What is needed.
For each line in the data below that holds "Used", return a copy.

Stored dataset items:

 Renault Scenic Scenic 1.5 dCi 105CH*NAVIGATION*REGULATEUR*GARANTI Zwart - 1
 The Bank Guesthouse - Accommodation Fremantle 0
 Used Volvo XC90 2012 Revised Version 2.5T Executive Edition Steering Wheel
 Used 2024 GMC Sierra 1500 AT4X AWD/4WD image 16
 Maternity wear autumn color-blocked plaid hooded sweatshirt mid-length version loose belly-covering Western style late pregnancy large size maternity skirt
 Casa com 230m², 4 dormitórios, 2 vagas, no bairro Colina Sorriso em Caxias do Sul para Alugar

Answer to the exercise.
 Used Volvo XC90 2012 Revised Version 2.5T Executive Edition Steering Wheel
 Used 2024 GMC Sierra 1500 AT4X AWD/4WD image 16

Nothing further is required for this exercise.